Meet David Hoffman, director of the AIM Institute, recently sat down to share more about his life outside of work.

Share how you were inspired to get into our industry? Honestly I just wanted to do something different than the norm. Most of my high school friends were going into either electrical or mechanical engineering, so I figured that job market would be flooded with people. But at the time, plastics engineering was new and different…plus they boasted about 100% job placement. That certainly helped sway me to that field of study.

What are some of your favorite hobbies? 

My hobbies mainly consist of hunting and raising my 3 kids. They keep me plenty busy enough with teenage drama, sports, and art lessons. In what little time I have to myself, I will take walks around my property to enjoy the woods and wildlife, and occasionally take my 1979 Mustang Pace Car out for a spin. This is the first car I ever bought, which I have had since I was 16 years old.

What’s something that you’ve always wanted to 
learn or try? 
I would have loved to learn to speak another language fluently. I took 3 years of Spanish in high school and still remember some key phrases, but could never speak it fluently. I tried to speak fluently once during a business trip to Mexico in the mid-90’s, but I only ended up insulting the taxi driver with my version of the dialect. When I traveled to Europe for business, I was always impressed how they could speak not only two different languages fluently, they could often speak 3 or 4 languages.

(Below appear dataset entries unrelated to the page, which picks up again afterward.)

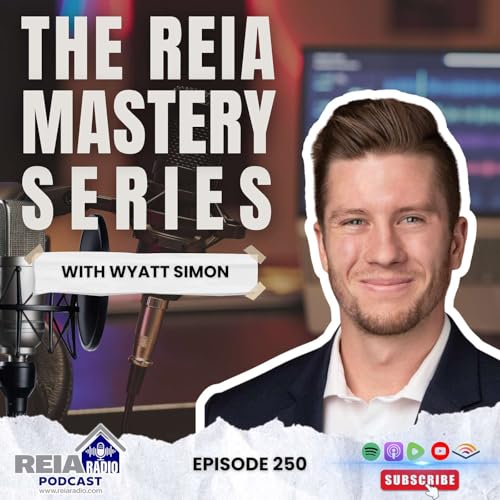 #250: Growing Smart: Systems, Timing, and Avoiding Investor Burnout with Wyatt Simon Podcast Por arte de portada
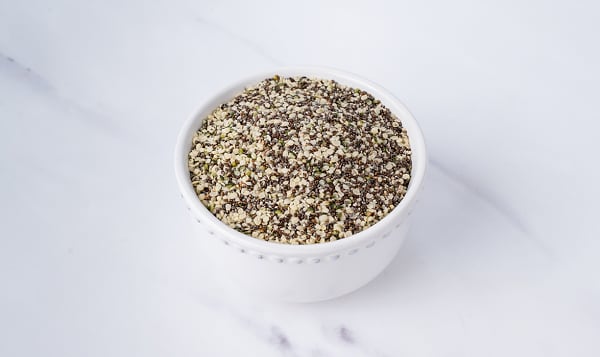 Organic Hemp & Chia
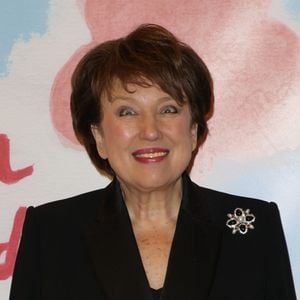 Roselyne Bachelot-Narquin - Photocall du 30ème Gala de l’Espoir donné au profit de la recherche contre le cancer au théâtre des Champs-Elysées à Paris le 18 novembre 2024. © Coadic Guirec/Bestimage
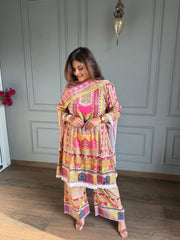 Pure cotton Suit (Seema)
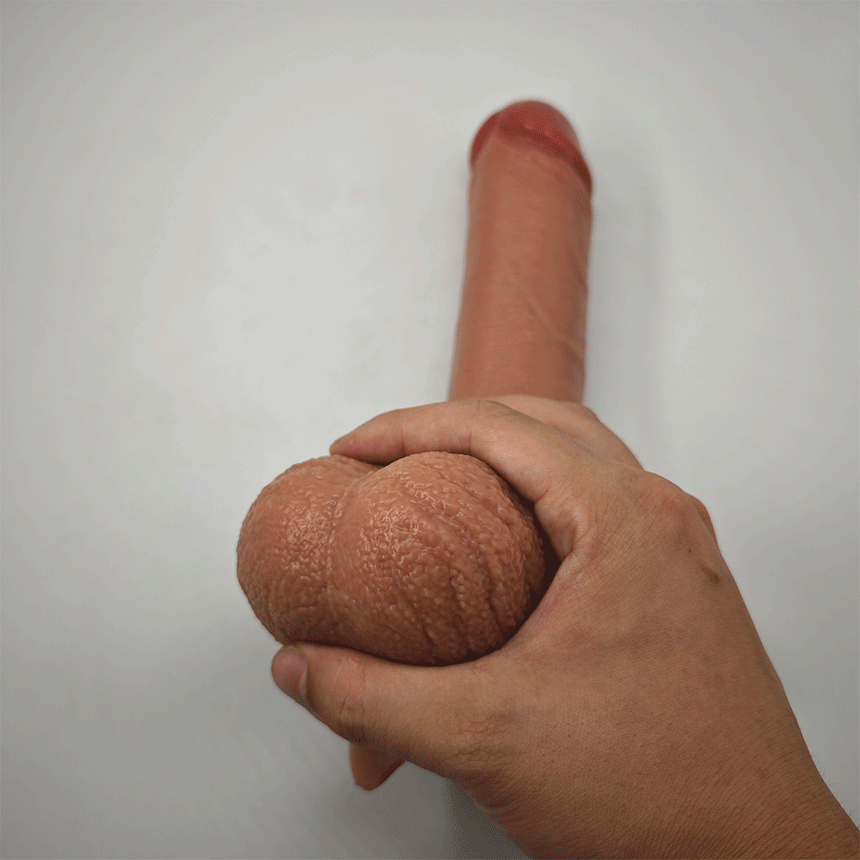 MRIMIN Realistic FTM Prosthetic 3 in 1 Strap On Penis Packer STP Device for Transgender-UL33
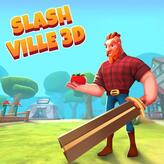 slash ville 3d game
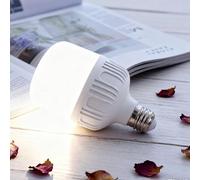 HEEPDD Ampoule LED, Conception Standard E27 à économie d'énergie, Durée de Vie de 30 000 Heures, Parfaite pour l'éclairage Intérieur de la Chambre et du Salon (10W)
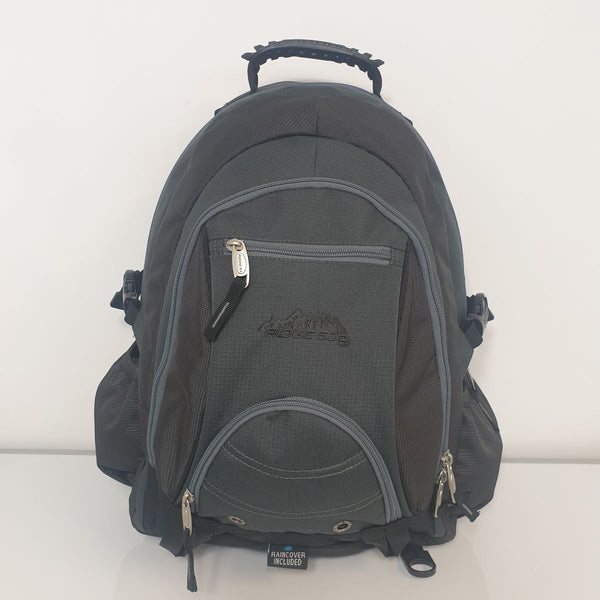 Ridge 53 Bolton Backpack - Charcoal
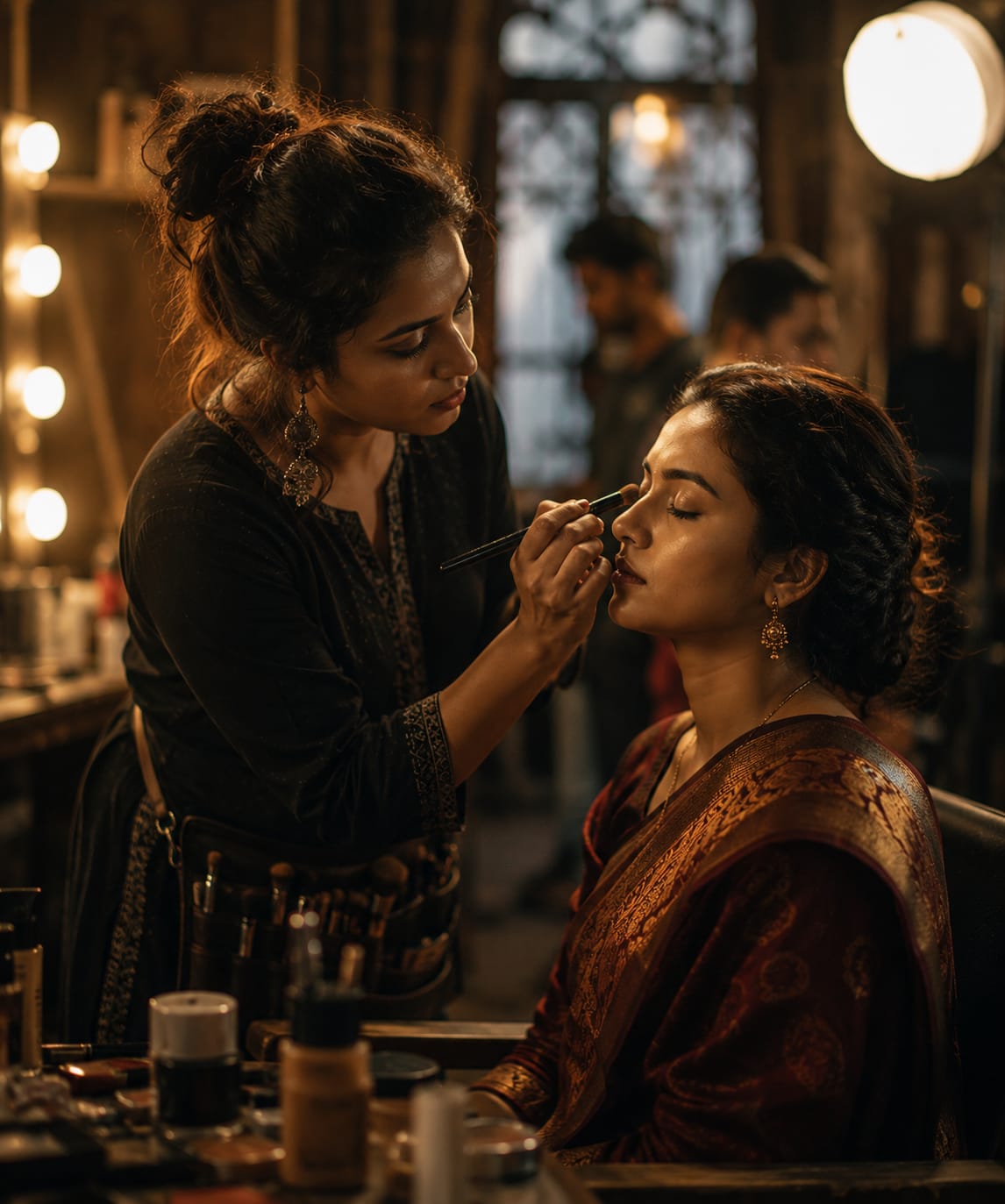 cine makeup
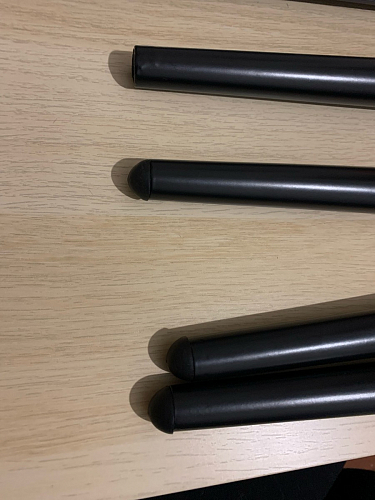 Стул на металлокаркасе Slam светло-серый фото покупателя 2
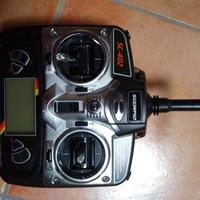 Radiocomando SC-402 Walkera/Scorpio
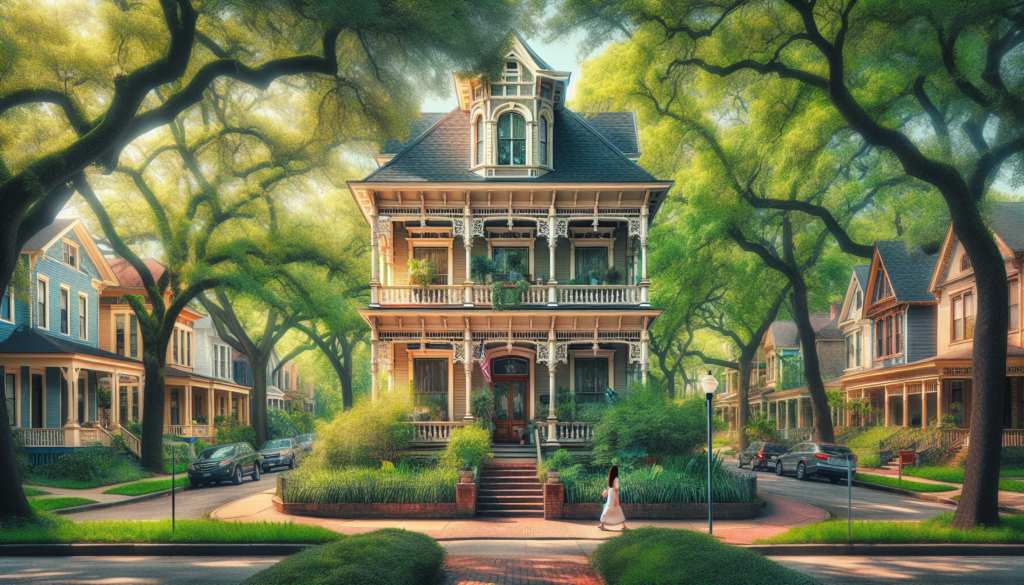 Why Houston Neighborhoods Carry Deep History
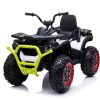 Vitacci XMX607 Kids Electric Ride-On ATV - White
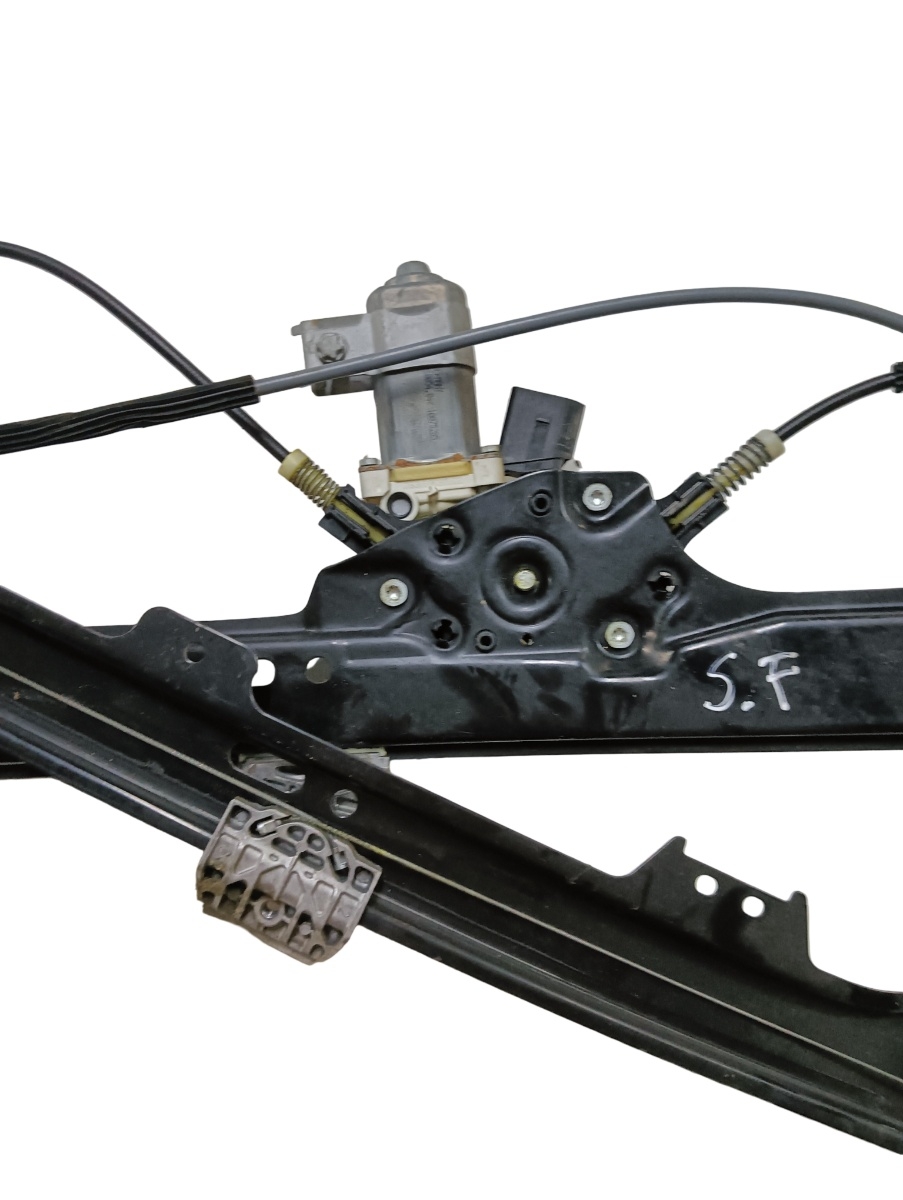 Macara Geam stanga fata BMW 5 V Touring E61 2004 - 2010 – foto 2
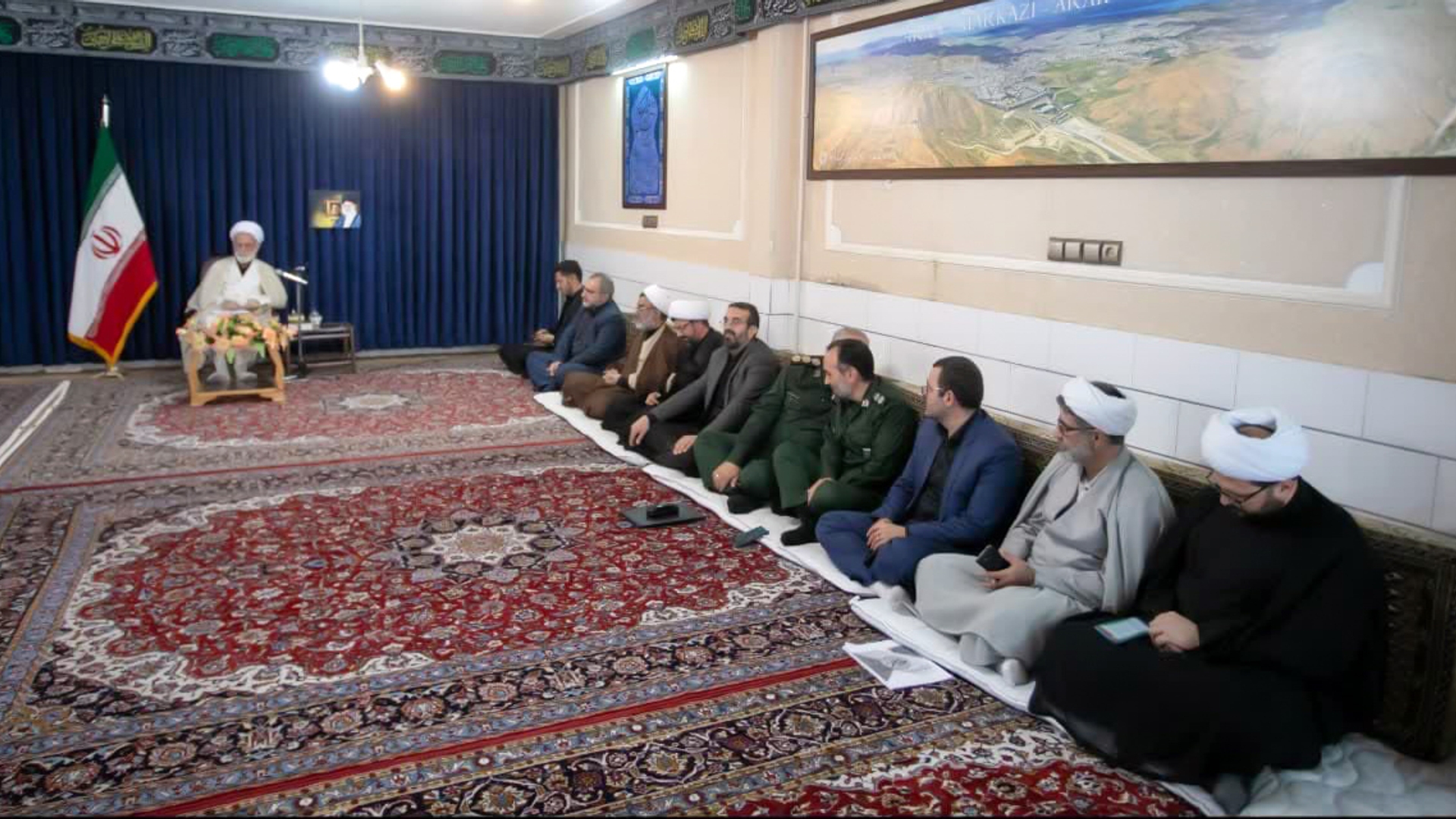 نقشه راه فرهنگی استان مرکزی با نگاه قرارگاهی تدوین می‌شود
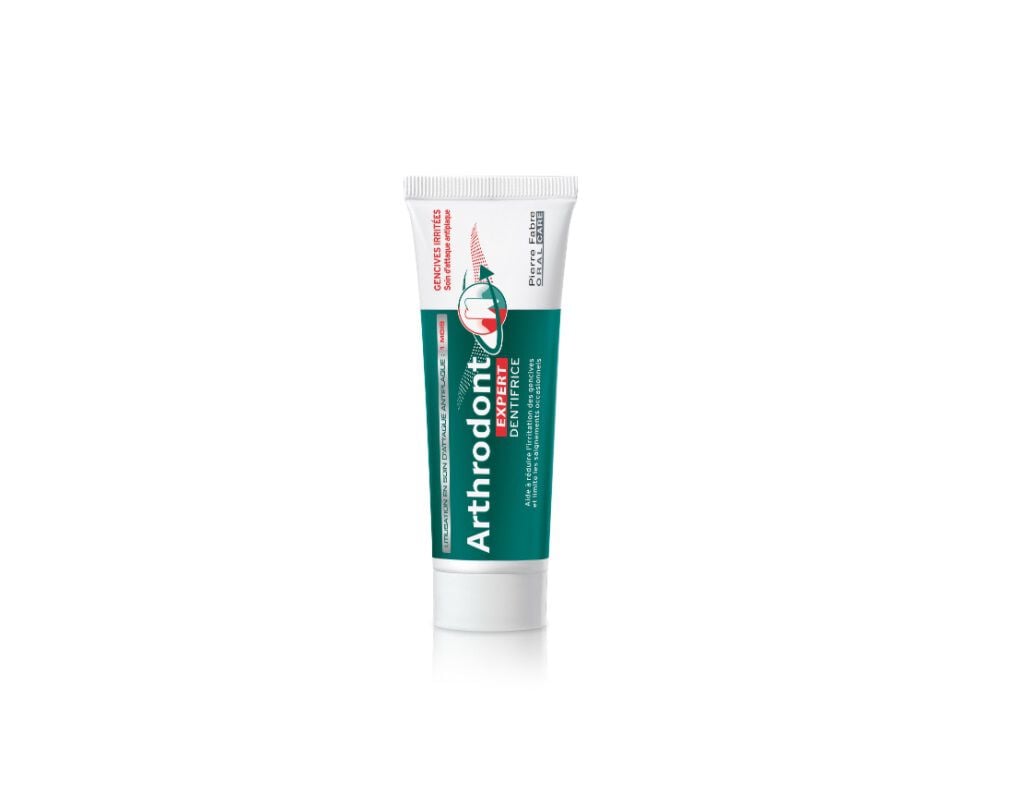 PASTA DENTRIFICA ARTHRODONT EXPERT 50ML image number 2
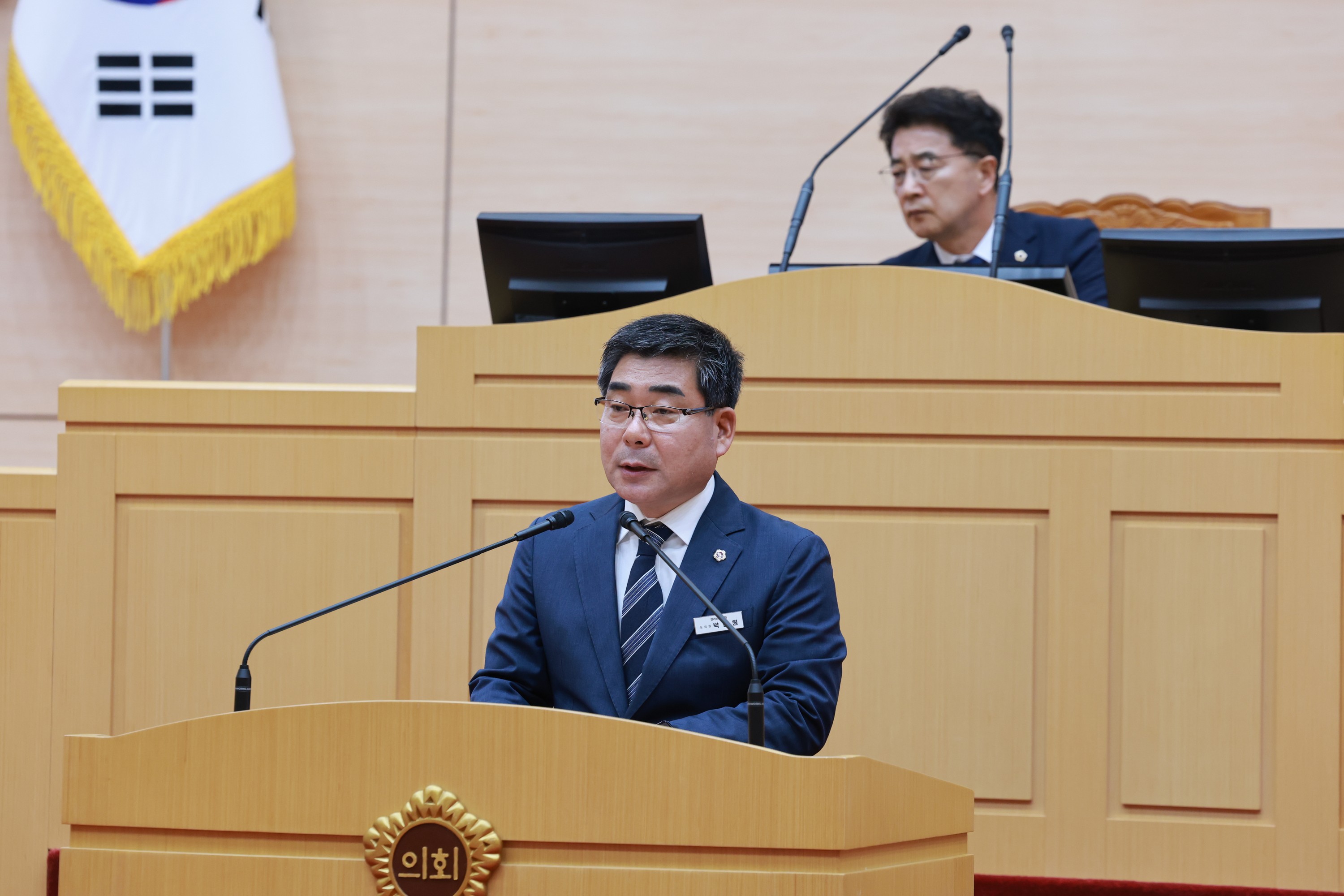 제393회 임시회 제1차 본회의 첨부이미지 : 25년09월09일 제393회 임시회 제1차 본회의 - 103.jpg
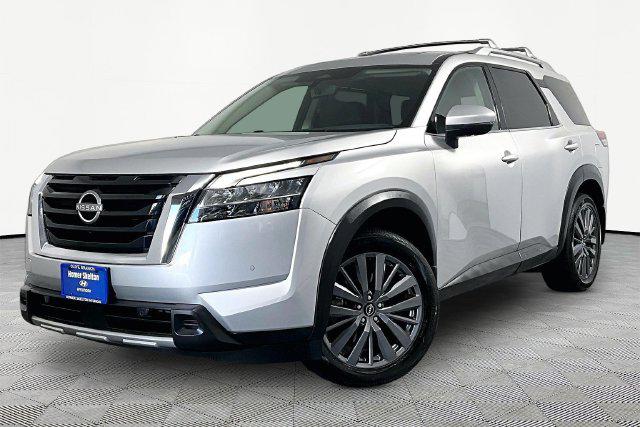 Used 2023 Nissan Pathfinder SL FWD For Sale in Millington, TN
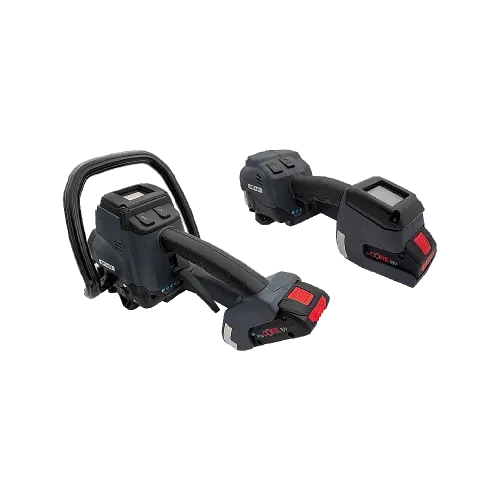 Flejadora semiautomática para fleje de acero BPT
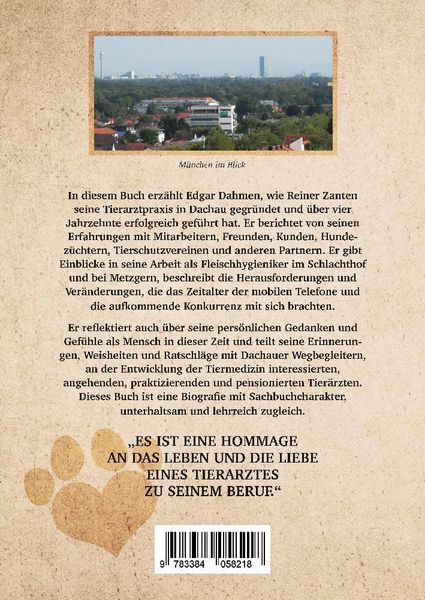 Produktbild: Tierarzt unter Menschen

Best trip you’ve ever been on? 
Any vacation trip with my 3 kids…we always have fun together and it’s nice to get away from the hustle and bustle of work and school.
Share a fun (or funny) story that has happened while working with AIM/Beaumont. 
I traveled to Japan for work many years ago by myself. I did not know a soul and only knew a few words in Japanese. Once I finally found my way to the hotel, I was hungry…and thirsty. So I went up to the restaurant, which appeared to be closed as I was the only person in there. But I sat at the bar and ordered a beer and some food. The bartender could not communicate well with me as he did not speak English nor did I speak Japanese. So I sat there by myself enjoying the beer and food. Then an older Japanese gentleman came into the bar area and sat down. I watched the bartender open a cabinet and pull out a bottle of Sake and set it down by the gentleman, which I found a bit odd as he seemed to have his own personal bottle. A little time went on and the bartender sat a shot glass near my and poured me a glass of Sake out of the gentleman’s bottle and motioned that it was “on him”. I turned to the man, toasted him, and took a drink. After that, we were like best buds. He moved over to beside me. He did not speak a lick of English and I did not speak a lick of Japanese, but we communicated as best we could. I drew pictures to show him where I was from, and he did the same. Turns out he was from Okinawa and was there on business. He frequents the place so much they gave him his own bottle of Sake! We sat and talked and laughed and drank more Sake until we finally said our goodbyes. I will remember that trip always…it gave me the belief that no matter where you are in the world, there are kind people willing to open up to you and learn about your life. On the way home, I stopped in the Duty Free store and found the bottle of Sake we were drinking from. This one had the English translation on it, which read “Mumblings of an Old Man”. I laughed as I thought back to the time we spent together.